Brexit uncertainty has pushed a key measure of the housing market to a six-year low, according to surveyors.
The Royal Institution of Chartered Surveyors (RICS) said its house price balance – a gauge of whether values are more commonly rising or falling – slipped to -11 in November, down from -10 in October.
It was the lowest level since September 2012 and worse than expected by economists.
RICS chief economist Simon Rubinsohn said: “It is evident… that the ongoing uncertainties surrounding how the Brexit process plays out is taking its toll on the housing market.
“Indeed, I can’t recall a previous survey when a single issue has been highlighted by quite so many contributors.”
Price falls were most acute in London and the south east of England – where there are more higher-priced homes, exposed to higher stamp duty, and there is also anxiety about the impact of Brexit on the capital’s financial services sector.
The survey also pointed to falls in the number of people looking for a new home, new properties being listed for sale and agreed sales.
There was also a big downturn in expectations for sales in the coming three months, with this measure falling at its sharpest since the Brexit referendum in June 2016.

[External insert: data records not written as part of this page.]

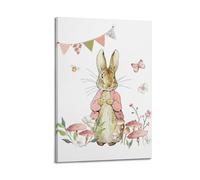 MEQKTQIMA Poster decorativo da parete su tela con coniglio in abiti rosa tra fiori e animali, decorazione moderna per camera da letto, 60 x 90 cm
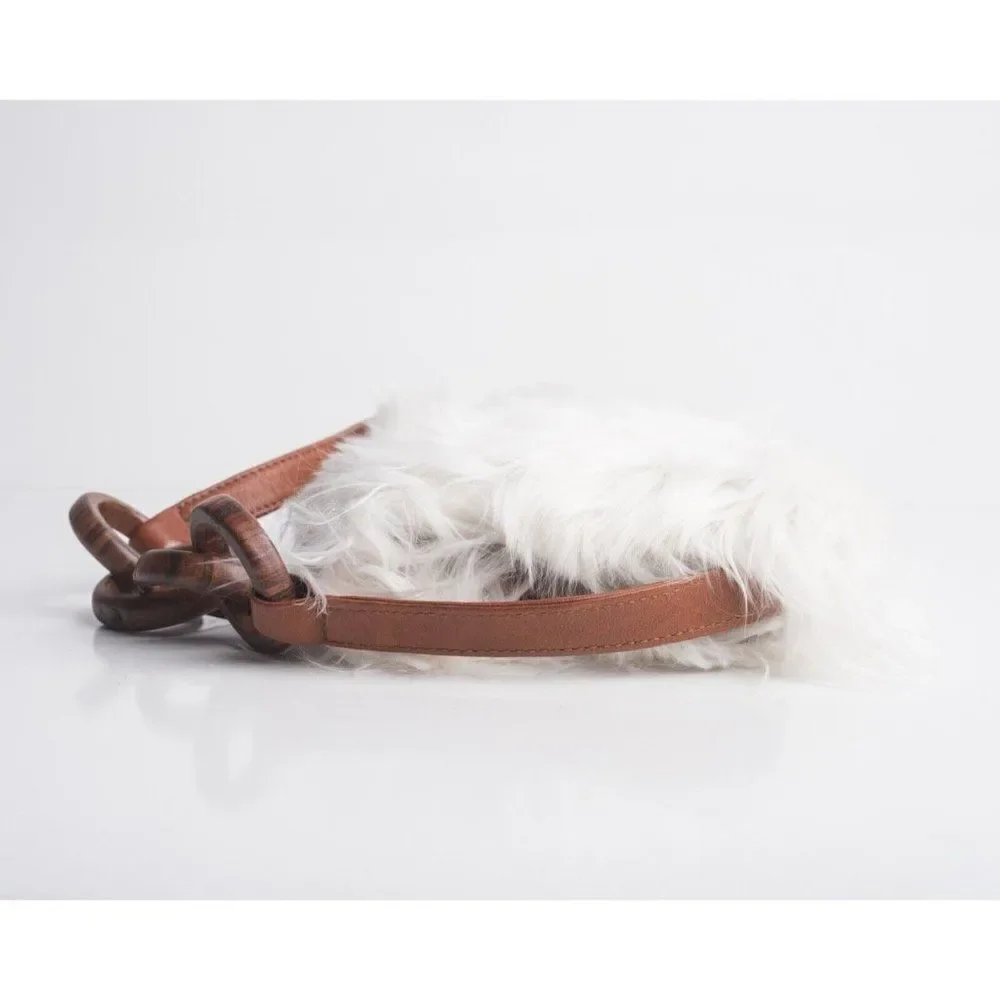 Brother Vellies Lijadu Shearling Billfold Shoulder Bag Purse in White Alpaca Fur - Picture 3 of 9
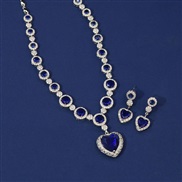 ( blue)Japan and Korea brief zircon love necklace woman  occidental styleins samll mosaic heart-shaped clavicle chain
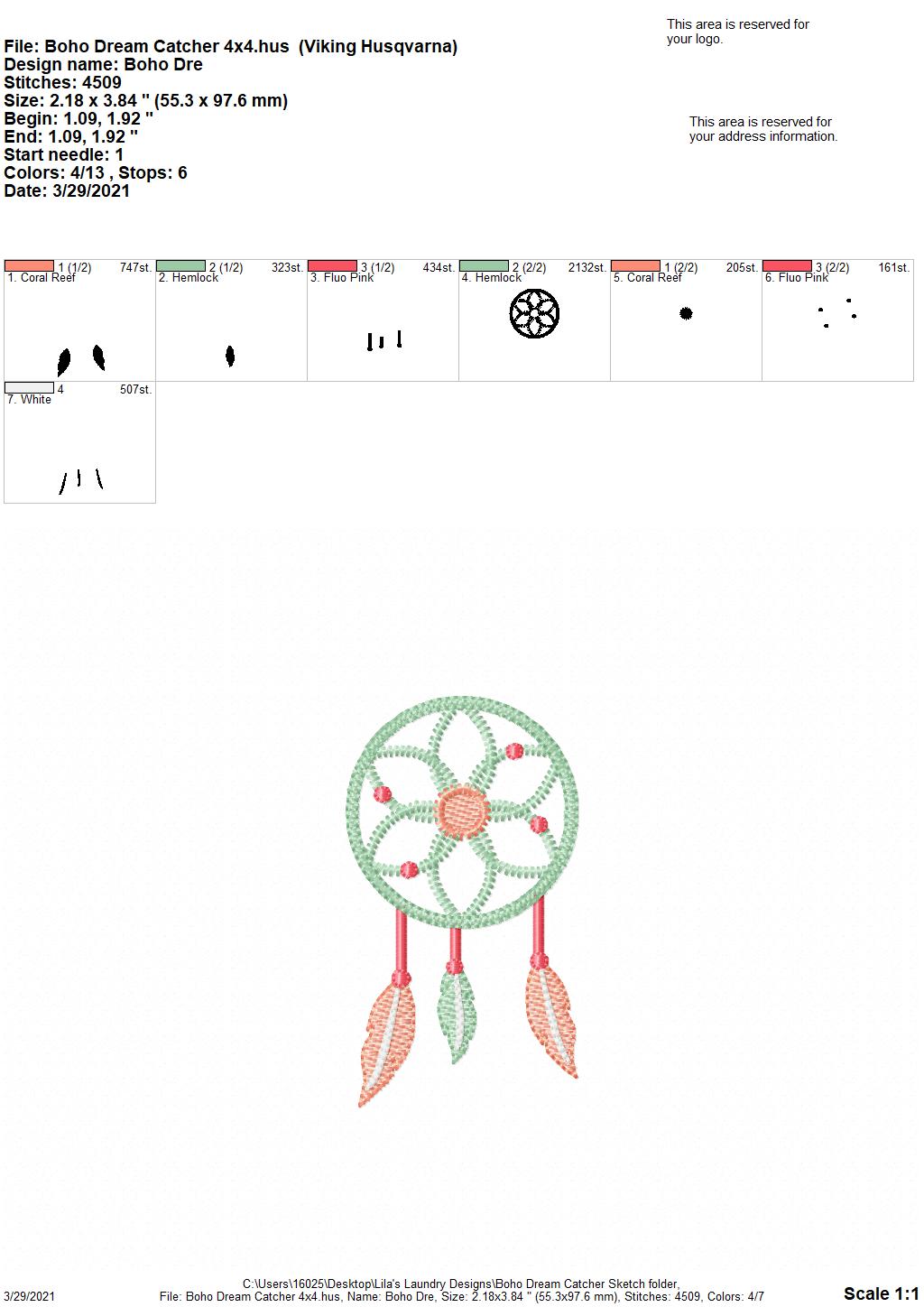 Boho Dream Catcher Sketch - 4 sizes- Digital Embroidery Design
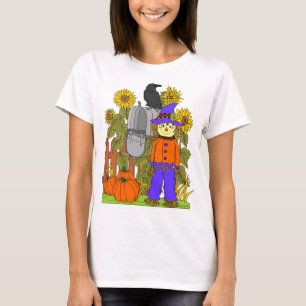 Fågelskrämma och pumpor t shirt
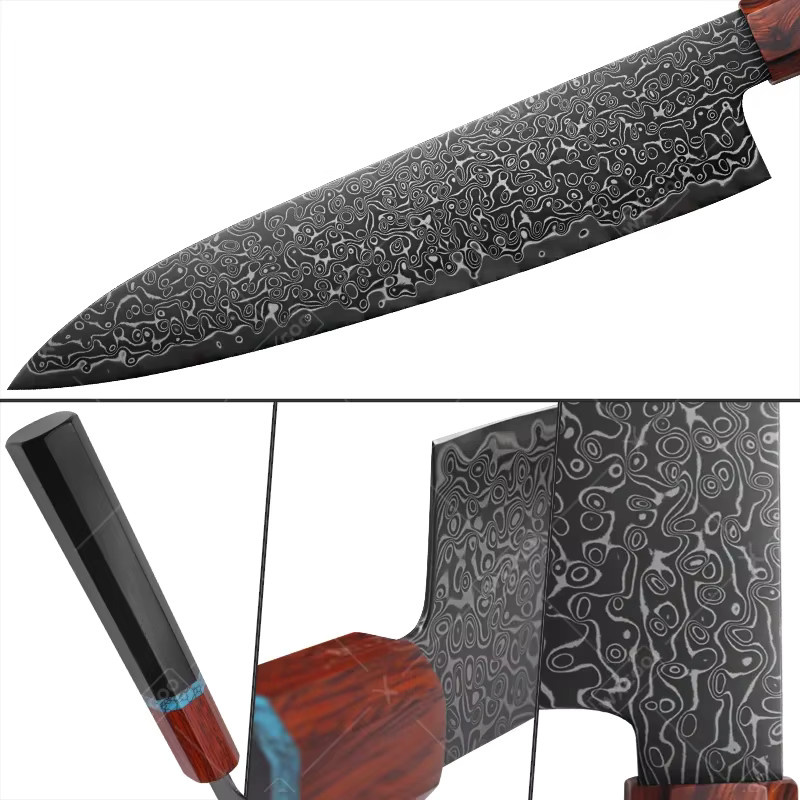 WXCOO Santoku-Küchenmesser aus Damaststahl mit VG10-Klinge und Holzgriff in Multicolour - Bild 5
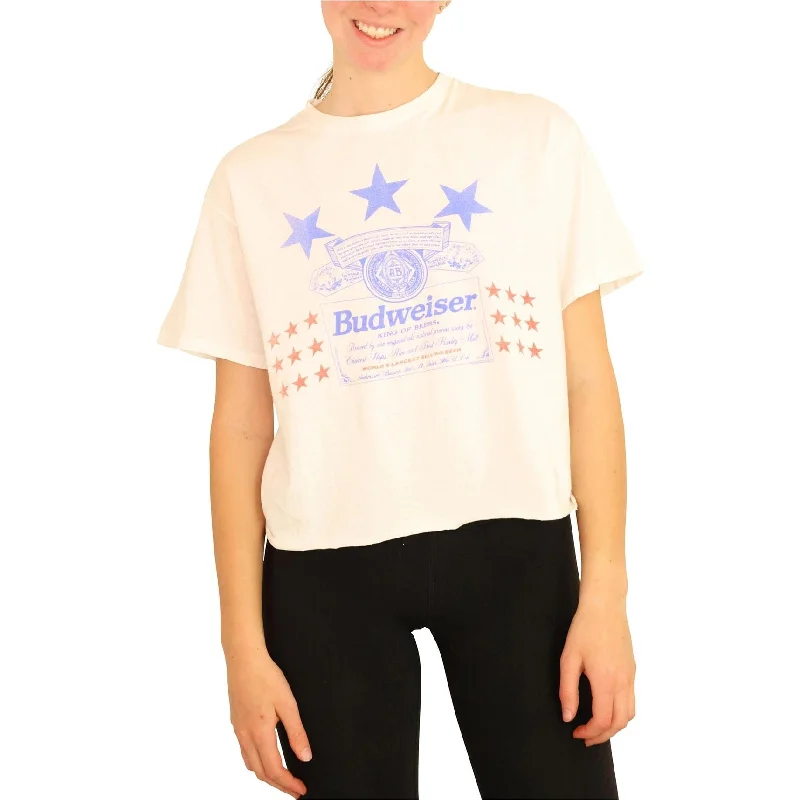Junk Food Womens Budwiser Stars Cropped Graphic T-Shirt Cozy Women's Winter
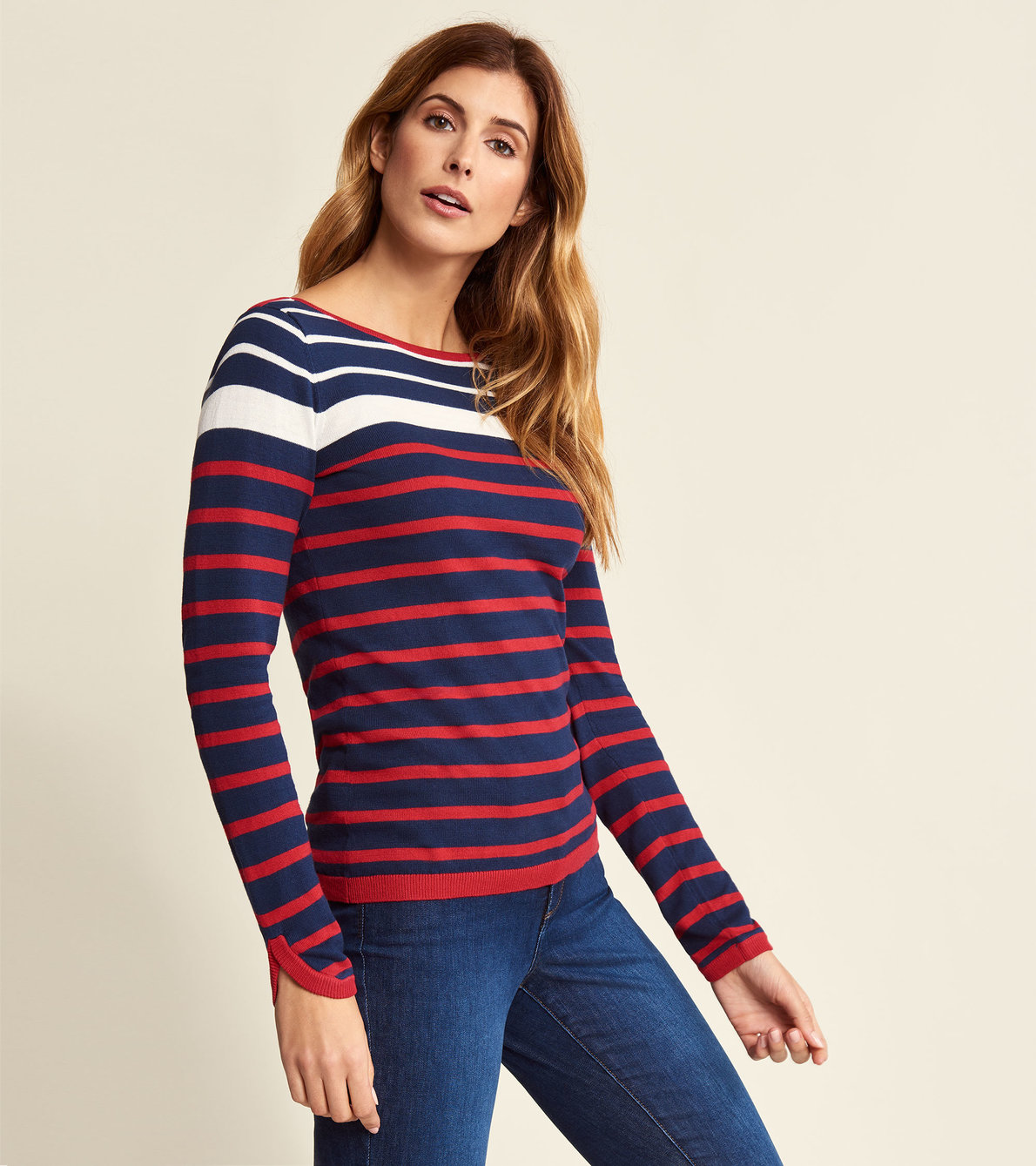 View larger image of Breton Sweater - Navy and Red Stripes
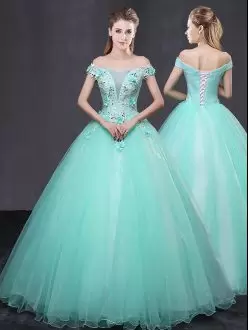 Ball Gowns Vestidos de Quinceanera Apple Green Off The Shoulder Tulle Sleeveless Floor Length Lace Up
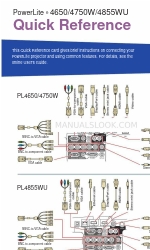 Epson PowerLite 4855WU Quick Reference Card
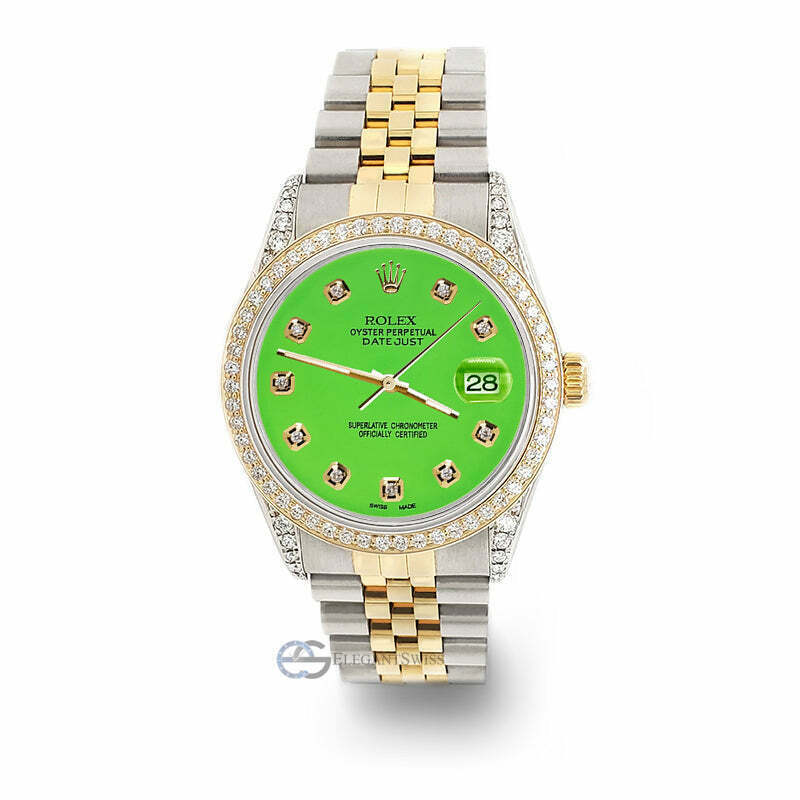 title:Rolex Datejust 2-Tone 36mm 1.4ct Diamond Bezel/Lugs/Green Dial Jubilee Watch TFJ-142508719;color:not applicable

Mr Rubinsohn saoid: “Caution is visible among both buyers and vendors and where deals are being done, they are taking longer to get over the line.
“Significantly the forward-looking indicators reflect the suspicion that the political machinations are unlikely to be resolved any time soon.
“The bigger risk is that this now spills over into development plans making it even harder to secure uplift in the building pipeline to address the housing crisis.”